American Forest Products Corporation
- Formerly: Stockton Manufacturing Company; Stockton Box Company; Bendix Forest Products Company;
- Founded: 1910; 116 years ago in Stockton, California
- Founders: Horace Tarter; Clarence Albert Webster;
- Key people: Walter S. Johnson
- Parent: Bendix Corporation (1969–1981); Kohlberg Kravis Roberts (1981–1988); Georgia-Pacific (from 1988);

= American Forest Products Corporation =

Former American company

American Forest Products Corporation (AFPC) was a Fortune 500 company initially producing wooden boxes and shipping materials but expanding into the timber, sawmill, and lumber industries. The company began in the 1920s and operated under the same leadership until it was sold to the Bendix Corporation in 1969.

== History ==
The company began in 1910 in Stockton, California as the Stockton Manufacturing Company, a joint effort of Horace Tartar and Clarence Albert Webster. The company produced wooden boxes used primarily by fruit growers and canners and shook, the material of shipping strips which were used to keep boxes from shifting in transit. In 1911, the company was renamed the Stockton Box Company. Tartar and Webster incorporated in 1918 and later included their legal partner, Walter S. Johnson, to become Tartar, Webster and Johnson, Inc.

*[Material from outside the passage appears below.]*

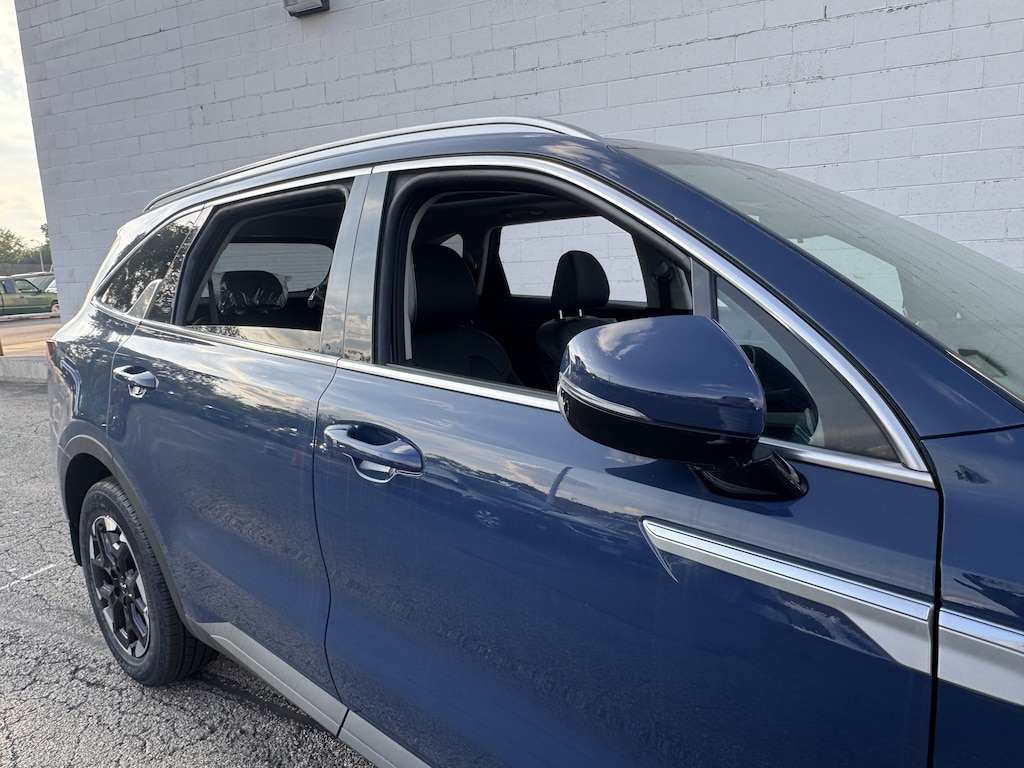 New 2026 Kia Sorento S SUV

The box company expanded in the 1920s to include timber, saw mills and lumber. The company name became the American Forest Products Corporation.

A listing of corporate holdings compiled in 1944 included:
- American Box Company, San Francisco, Stockton and Diamond Springs, CA, Sprague River, Oregon
- Stockton Box Company, Stockton, CA
- Wetsel Mill, Omo Ranch, CA
- Mt. Whitney Lumber Company, Johnsondale, CA
- Associated Lumber and Box company, Dorris and North Fork, CA
- Blagen Lumber Company, White Pine, CA
- Calaveras Forest Products Corp, Sandy Gulch and Toyon, CA
- General Box Distributor, San Jose and Fresno, CA
- Blyes-Jamison Lumber, Fresno, CA
- Harbor Box and Lumber Company, Los Angeles, CA
- Underwood Lumber, Lakeview, Oregon

In 1963, AFPC had 4 sawmills and 170000 acre of timberland in Northern California, and employed over 4000 workers in 49 location in 16 states.

AFPC was acquired by the Bendix Corporation in 1969 as Bendix sought to diversify outside its core automobile and defense business. The company was renamed Bendix Forest Products Company (BFPC). Following this purchase, in the early 1970s Bendix acquired the recreational vehicle and mobile home businesses of the troubled Boise Cascade Corporation which it reorganized as Bendix Home Systems expecting to see synergies between the lumber produced by BFPC and the new division. However, these synergies failed to materialize to the extent anticipated and Bendix sold off its Home Systems operations by the early 1980s. In another attempt to maximize benefit from BFPC, Bendix acquired Caradco, a wooden window manufacturer, from Scovill Inc. in 1979 and around the same time, acquired builders' supply outlet Bass and Company.

But, benefit from these acquisitions was never realized as Bendix sold BFPC in 1981 to Kohlberg Kravis Roberts (KKR) for , a significant premium over its purchase price. Following its sale to KKR, the company was reorganized again under the name American Forest Products. Georgia-Pacific acquired AFPC in 1988.